I expressed this fear to my family not too long ago, and they had no answer for it. Nothing. No reassurance they would be there for me if I did. I have been hanging on by my fingertips it feels like.
God has been my outlet. I could cry and rage to Him, and not feel He could not handle it. Lately that has not been so easy to do. All the suppression seems to be reaching my prayer life too. I can sit an roll the problem over and over gain in my mine, never learning anything about it, but I can’t just cry it out, rage, and maybe feel better.
Oh, gosh, I actually do need therapy don’t I?

The thing is, I didn’t choose to be this way. I’ve tried many, many times in my life to open up to my family, and to other people. With the same result of being brushed off, and shut down. No real help in learning how to process emotions well. I was fortunate to have an outlet, I was able to get this far because of grace.
But, if people do that to you, eventually you pay the price. It makes me angry, like, you all screwed this up, took out a loan from love that you couldn’t repay by making yourself depended on us for you happiness, but I’m the one who’s paying back that interest.

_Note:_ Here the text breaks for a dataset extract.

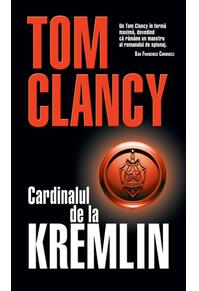 Copertă produs Cardinalul de la Kremlin
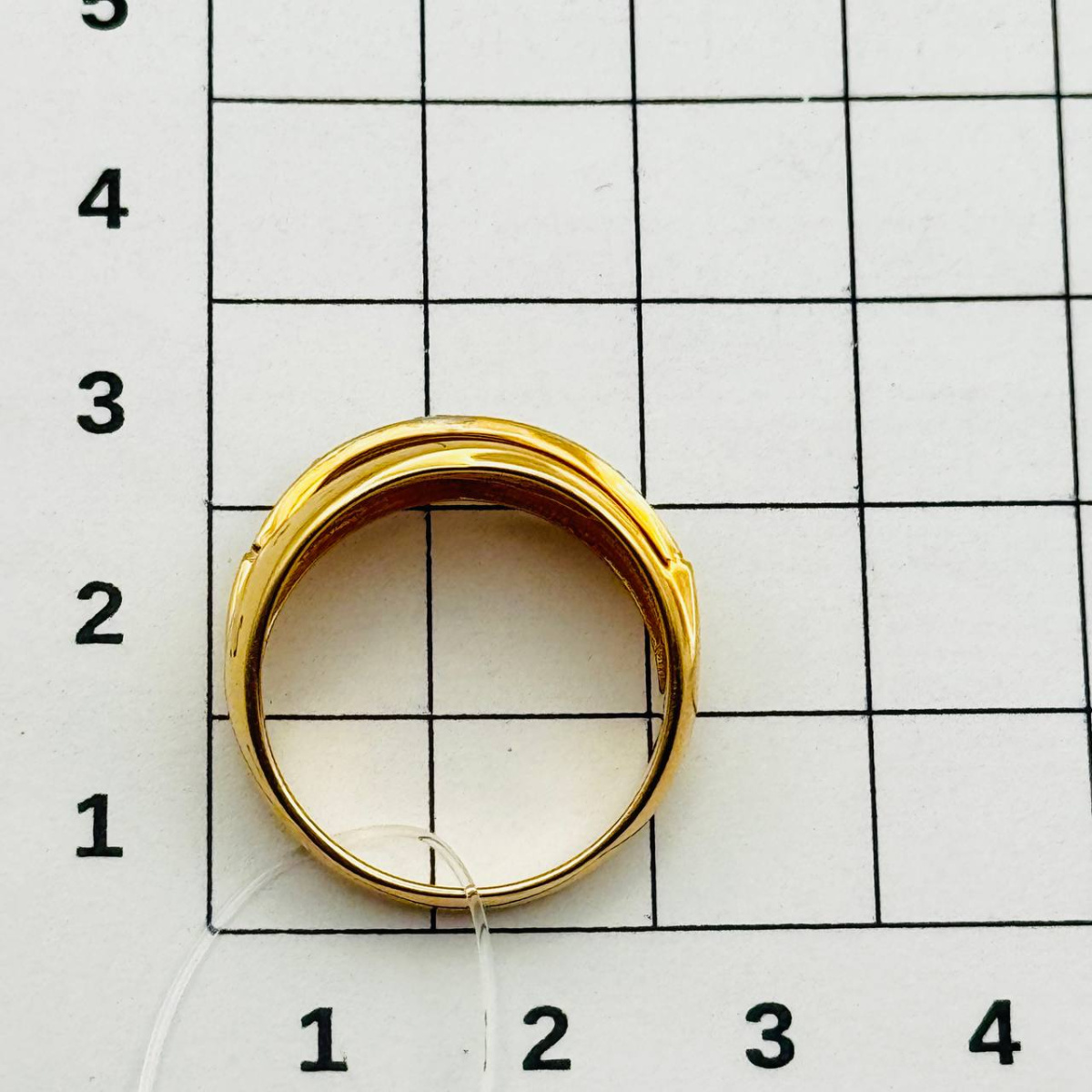 Кольцо с бриллиантом SOKOLOV 1012040 №23 106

Somehow, it’s easier to blog this than it is to say it. I hit the same roadblocks when I try to talk, like “you just can’t say that in this house.”
Err, how am I going to do therapy?
Well, I pray that’ll be worked out in time. The COVID crisis isn’t exactly helping, face to face is out, and I prefer that. But I don’t think I can wait till it’s available again.
One thought that does sometimes help, even when I feel helpless, is this:
I did not choose to have this happen, to be pushed into this dark hole, but, I can choose to leave it.
I can do what my dad didn’t, and try to get out. Early on in life. (Well, he did, but he didn’t address the real problems.)
The last year has felt like one long test to see if I will become like my dad, and do the things he did, I keep choosing not to. Lately, when I hear the same crap coming out of my mouth as he used to say, I think “This needs to change too.”
I hope that this is the right way to go about it.
Well, I guess therapy will give me something new to post about. Who knows, maybe I can help some people understand it better?
(I mean, you don’t have to talk about it, but I tend to talk/write about everything, I don’t really care much whether people know or not, once I commit to something.)
With that, I think that’s about all. Hey, thanks for reading my basically venting-about-my-life post, stay safe and healthy–Natasha.